Ces deux hommes doivent donc sans aucun doute des excuses aux survivants des génocides, et aux descendants de leurs victimes, pour cette instrumentalisation indigne. Et ils doivent également des excuses aux économistes qui ne pensent pas comme eux, pour les avoir ainsi mis sur le même plan qu’un Dieudonné M’Bala M’Bala ou un Robert Faurisson.
“Brejnévisation” de la pensée économique
Par ailleurs Pierre Cahuc et André Zylberberg utilisent comme argument le consensus des chercheurs en économie. Le public français doit toutefois être conscient du fait qu’en France, comme dans plusieurs autres pays, les économistes partisans de la mondialisation malheureuse s’emploient à marginaliser et à asphyxier, dans le paysage universitaire, les économistes qui ne pensent pas comme eux.
Puisque les chercheurs qui pensent différemment sont aujourd’hui traités comme des hérétiques par les tenants du discours économique dominant, Pierre Cahuc et André Zylberberg sont donc de mauvaise foi lorsqu’ils prétendent que le consensus vaudrait argument.
Bernard Maris avait déjà décrit, en son temps, cette mécanique de transformation d’une partie des économistes en clergé d’une pensée unique. Il comparait cela aux prêcheurs de l’Église médiévale. Personnellement, cela me fait plutôt songer à l’enfermement des économistes officiels de l’Union soviétique dans leurs certitudes théoriques, alors même que sur le terrain, les preuves de l’impasse du système s’accumulaient.
Cette “brejnévisation” de la pensée économique française est extrêmement dangereuse pour la qualité du débat d’idées économiques dans notre pays.

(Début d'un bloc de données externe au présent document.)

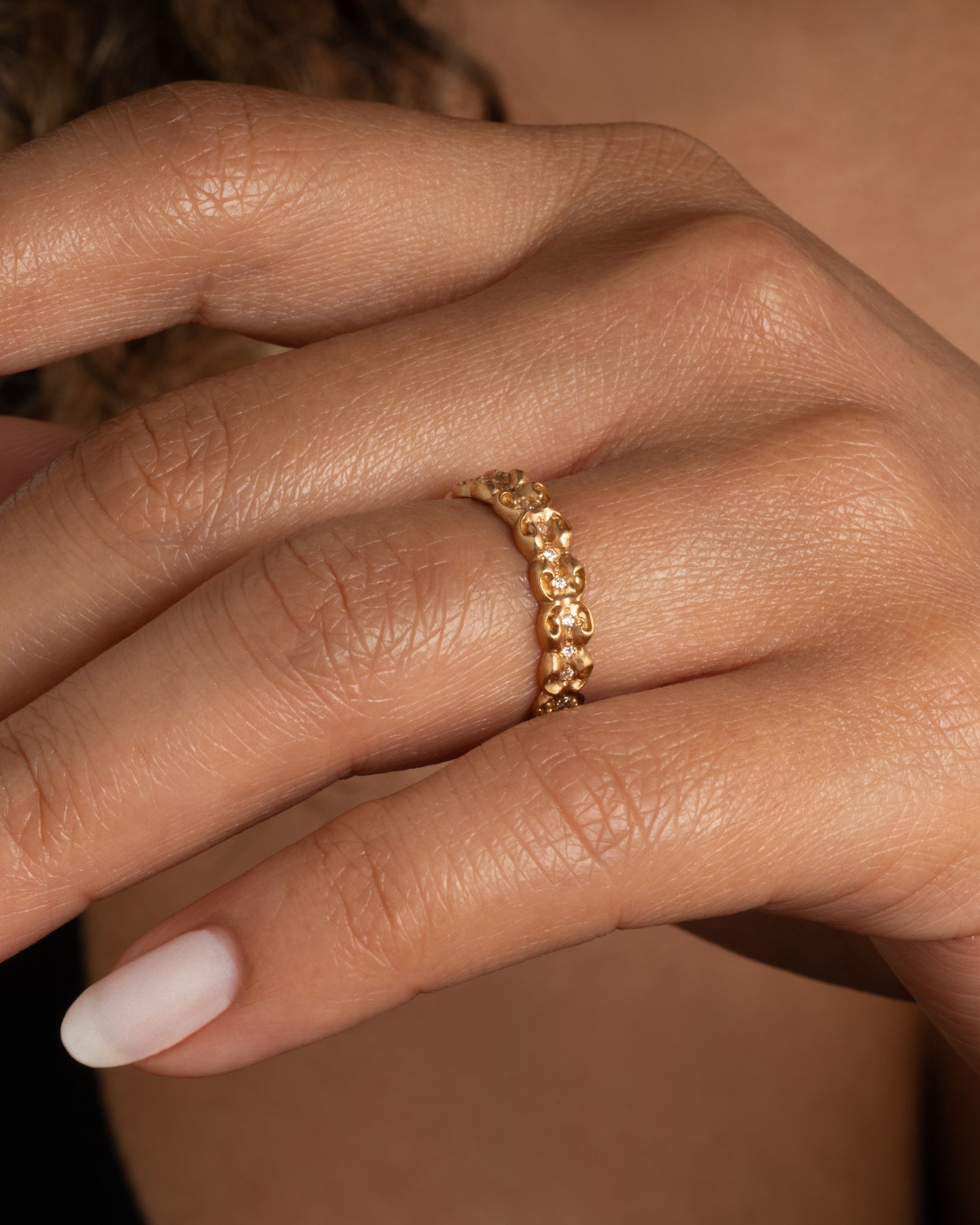 A bubble floral infinity band with round white diamonds all the way around. Shown worn on a finger.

L’économie, plus préoccupante que le terrorisme
Si le débat public ne fait intervenir quasiment que des économistes partisans de la “mondialisation malheureuse”, un débat économique pluraliste est impossible.
Si les tenants du discours économique dominant comparent leurs contradicteurs aux négateurs de la réalité de l’extermination des juifs par les nazis, l’impossibilité de débattre est encore plus grande.
Or, selon un tout récent sondage Elabe pour BFMTV, plus de six Français sur dix considèrent l’économie comme leur motif prioritaire d’inquiétude ; avant tout autre thème, même le terrorisme.
Et selon un sondage Ipsos d’avril 2016, six Français sur dix pensent que la mondialisation est une menace sous sa forme actuelle.
Si le débat public sert bien à traiter les préoccupations des Français, nous devons donc promouvoir des débats économiques raisonnablement contradictoires, ouverts, mutuellement respectueux, et pluralistes.